After spending much of the first 59 minutes behind, the resilient Sabres scored twice in the final five minutes and then completed the comeback with a 5-4 shootout victory over Montreal on Friday, spoiling Guy Carbonneau's debut as Canadiens head coach.
"It's not a situation we want to be in every game," the Sabres' co-captain said with a big grin. "But it's definitely a lot of fun. ... We found a way to win. We're not quitters."
Maxim Afinogenov forced overtime by scoring with 15 seconds left in regulation and then scored the only goal the Sabres needed in the shootout, roofing a shot just inside the top left corner past flat-footed goaltender Cristobal Huet.
After Alex Kovalev's shot hit the post on Montreal's second shootout opportunity, Buffalo's Thomas Vanek sealed the win with a snap shot.
"We weren't going to stop no matter what," said Vanek, who added two assists in regulation. "We had to find a way."
The Sabres won by overcoming three two-goal deficits, including two in the third period.
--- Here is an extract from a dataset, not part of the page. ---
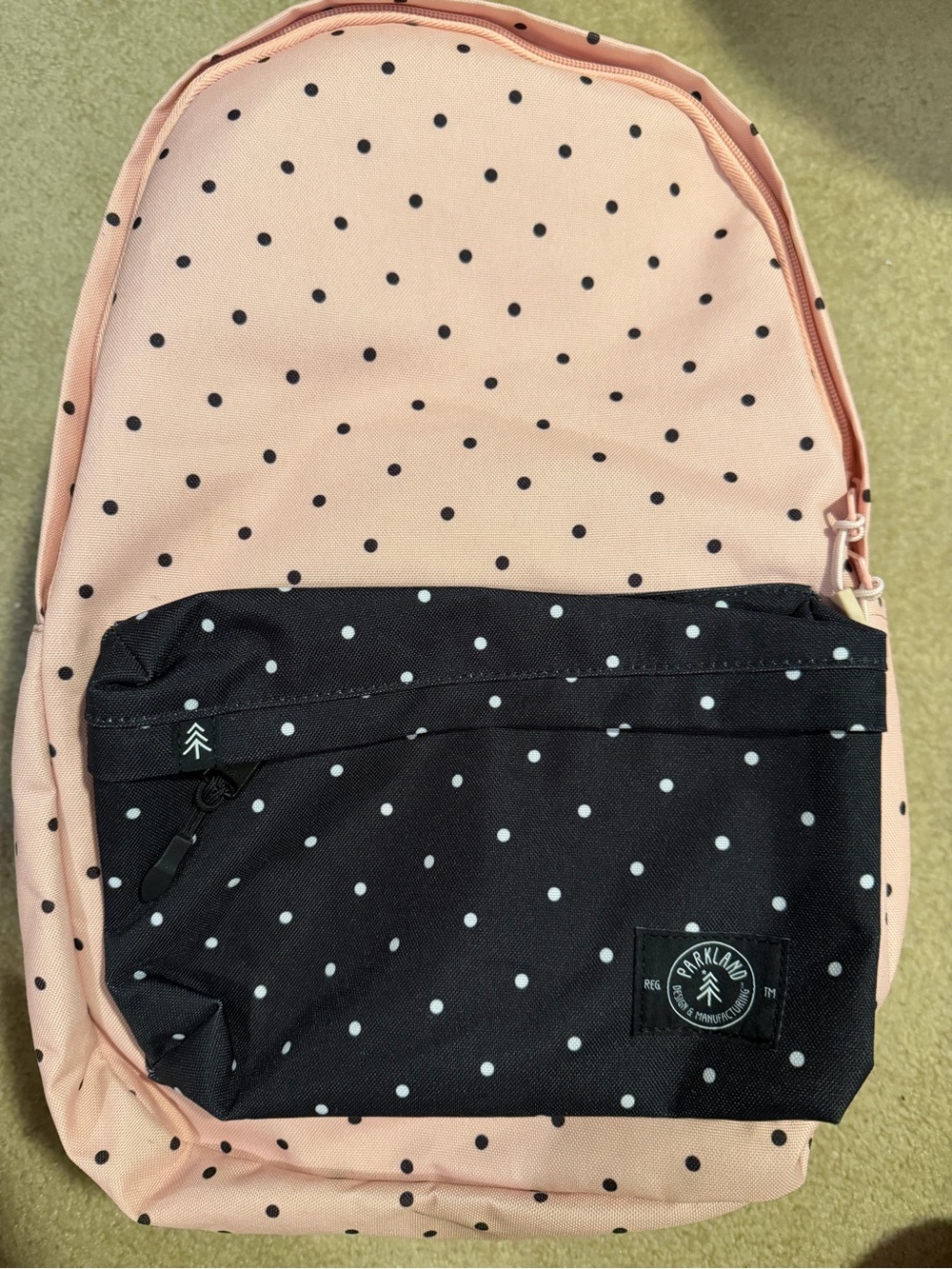 Polka Dot Two-Tone Backpack in Pink and Black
They won despite a fizzling power-play that failed on all five chances. And they got a booing crowd - unhappy with the officials, who called three penalties on Buffalo during a 74-second span in the third period - on its feet.
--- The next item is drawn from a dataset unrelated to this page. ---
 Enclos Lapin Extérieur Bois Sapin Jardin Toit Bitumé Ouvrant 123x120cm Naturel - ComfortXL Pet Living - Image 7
Briere, Jiri Novotny and Jason Pominville also scored in regulation, giving Buffalo both its second come-from-behind and shootout victory of the season. The Sabres rallied from a 2-1 deficit for a 3-2 shootout victory in their season opener at Carolina on Wednesday.
Saku Koivu had two goals and an assist for Montreal, while Chris Higgins had a goal and two assists and Michael Ryder added a goal and an assist. The loss spoiled Guy Carbonneau's debut as Montreal's coach.
"It's always frustrating, but we've got to learn from it," Carbonneau said. "There's breakdowns, it happens, and when you play against a team like that they make you pay."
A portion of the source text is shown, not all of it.